> Problem:
Each line of the material below must be transcribed exactly.

> Dataset section:
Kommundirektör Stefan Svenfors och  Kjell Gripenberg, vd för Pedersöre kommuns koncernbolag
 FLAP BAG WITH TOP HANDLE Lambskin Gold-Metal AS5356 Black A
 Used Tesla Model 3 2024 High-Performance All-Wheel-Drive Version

> Answer area:
Kommundirektör Stefan Svenfors och  Kjell Gripenberg, vd för Pedersöre kommuns koncernbolag
 FLAP BAG WITH TOP HANDLE Lambskin Gold-Metal AS5356 Black A
 Used Tesla Model 3 2024 High-Performance All-Wheel-Drive Version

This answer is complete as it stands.